In the listing below, find the line with "Ethiopia Derg Downfall" and the line with "Square Bamboo Charcoal", then return them and every line between them exactly, minus the pictures.

### Dataset records:
::::::
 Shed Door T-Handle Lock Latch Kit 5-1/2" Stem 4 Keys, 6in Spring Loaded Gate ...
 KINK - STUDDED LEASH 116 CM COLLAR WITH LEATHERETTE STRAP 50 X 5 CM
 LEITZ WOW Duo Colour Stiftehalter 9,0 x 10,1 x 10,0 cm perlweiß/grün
::::::
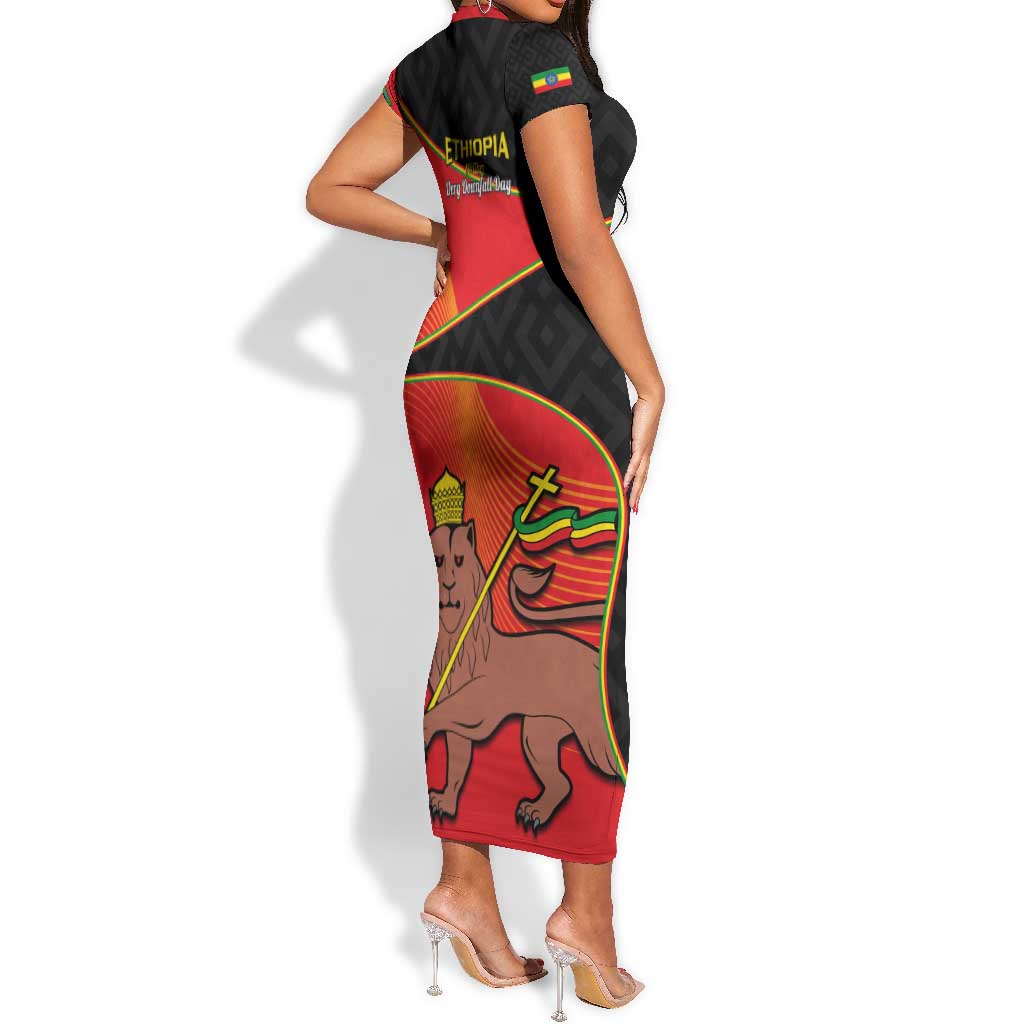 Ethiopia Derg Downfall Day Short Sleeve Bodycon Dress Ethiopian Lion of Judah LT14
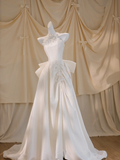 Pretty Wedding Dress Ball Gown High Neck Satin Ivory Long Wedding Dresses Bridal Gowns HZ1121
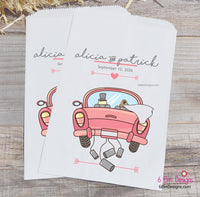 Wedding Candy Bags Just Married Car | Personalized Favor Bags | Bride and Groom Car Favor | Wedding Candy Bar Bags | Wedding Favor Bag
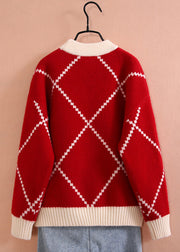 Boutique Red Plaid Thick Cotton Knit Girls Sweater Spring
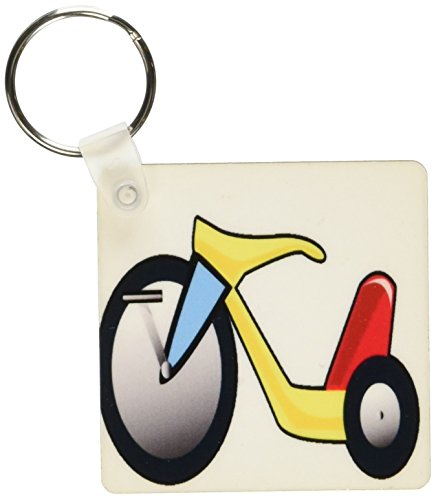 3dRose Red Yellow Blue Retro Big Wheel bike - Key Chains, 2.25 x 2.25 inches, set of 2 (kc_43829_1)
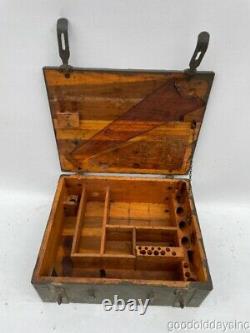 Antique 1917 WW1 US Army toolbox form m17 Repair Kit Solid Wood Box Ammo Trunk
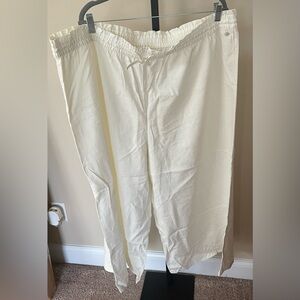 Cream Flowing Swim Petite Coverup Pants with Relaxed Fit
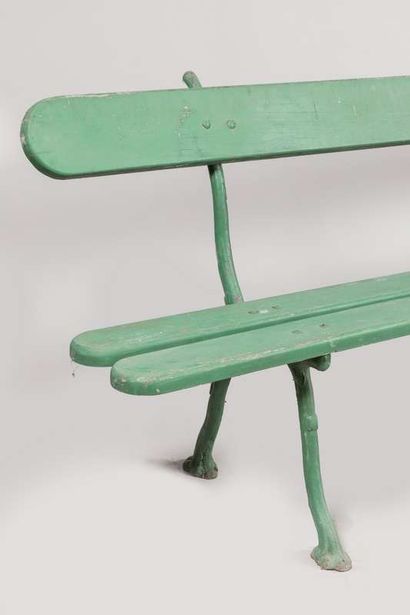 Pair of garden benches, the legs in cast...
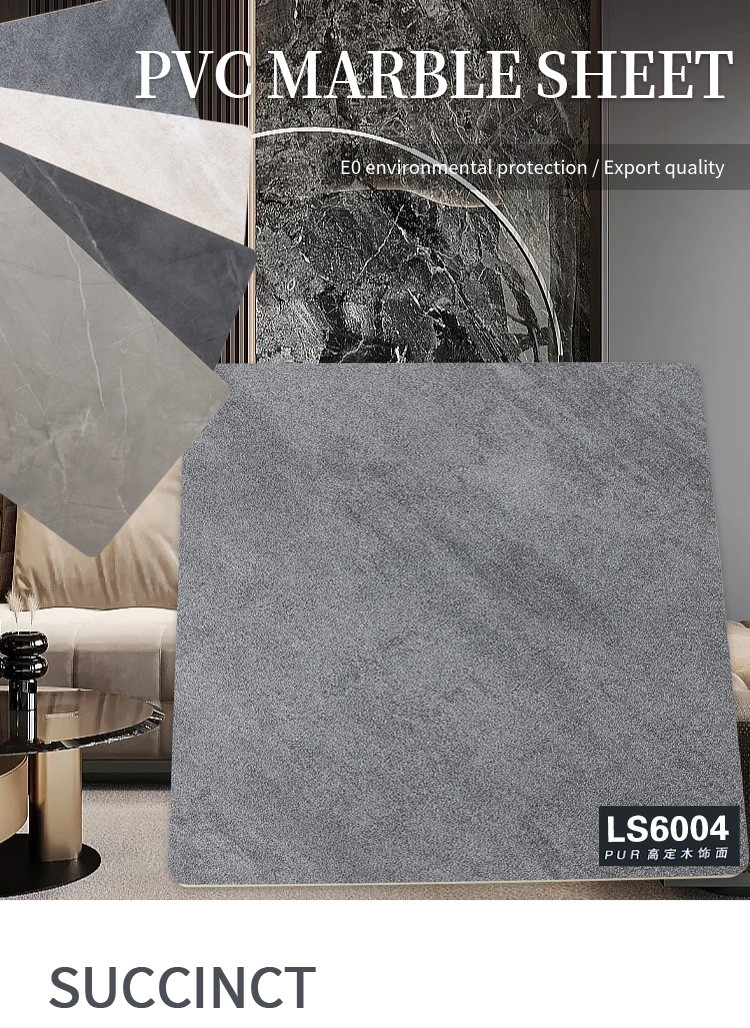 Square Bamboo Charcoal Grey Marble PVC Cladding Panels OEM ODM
::::::
### Result of the task:
 Ethiopia Derg Downfall Day Short Sleeve Bodycon Dress Ethiopian Lion of Judah LT14
 Pretty Wedding Dress Ball Gown High Neck Satin Ivory Long Wedding Dresses Bridal Gowns HZ1121
 Wedding Candy Bags Just Married Car | Personalized Favor Bags | Bride and Groom Car Favor | Wedding Candy Bar Bags | Wedding Favor Bag
 Boutique Red Plaid Thick Cotton Knit Girls Sweater Spring
 3dRose Red Yellow Blue Retro Big Wheel bike - Key Chains, 2.25 x 2.25 inches, set of 2 (kc_43829_1)
 Antique 1917 WW1 US Army toolbox form m17 Repair Kit Solid Wood Box Ammo Trunk
 Cream Flowing Swim Petite Coverup Pants with Relaxed Fit
 Pair of garden benches, the legs in cast...
 Square Bamboo Charcoal Grey Marble PVC Cladding Panels OEM ODM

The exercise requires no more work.